Looking forward, Greene told investors that in 2008 the company plans to unveil new products for security and virtual desktops and will “preview a major new Virtual Infrastructure suite.”

Citrix XenServer gets VMLogix’s LabManager

Test-and-development environments that want to see how software runs on Citrix Systems Inc.’s XenServer virtual machines can now do so, thanks to VMLogix, which has added Citrix XenServer to the list of platforms supported by its LabManager offering.

Citrix XenServer joins a comprehensive list of virtualization platforms supported by VMLogix, including VMware ESX Server, VMware Server, and Microsoft Virtual Server; support for Oracle VM and Sun xVM is also forthcoming, said CEO Sameer Dholokia. For the time being, Dholokia said, the company has seen “a fair bit of interest in testing VMLogix on Citrix XenServer.”

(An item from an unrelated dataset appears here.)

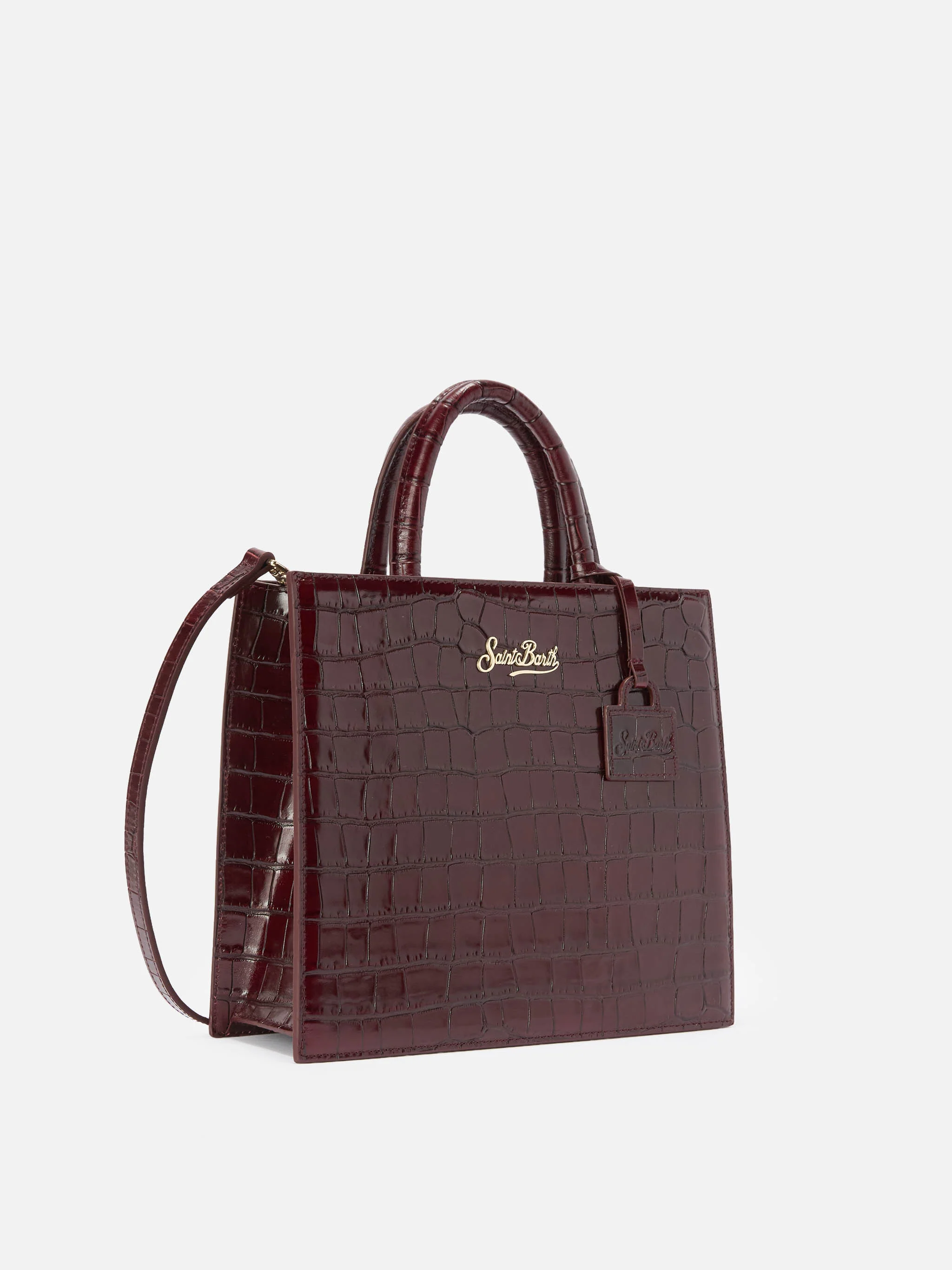 Borsa Shop Bag Midi stampa coccodrillo bordeaux - Image 3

The VMLogix offering competes directly with VMware’s Lab Manager and conceivably with the newly announced Stage Manager. In fact, Dholokia claims that VMLogix’s offering already includes much of the functionality included in Stage Manager and said that VMware customers may not understand the distinction between the Lab and Stage Manager products. “It will be interesting to see how they manage the confusion factor: ‘When do I use [VMware] Lab Manager, when do I use Stage Manager?’” Dholokia said.

Pricing for VMLogix LabManager is $25,000, plus a $2,500 agent fee per two-CPU server.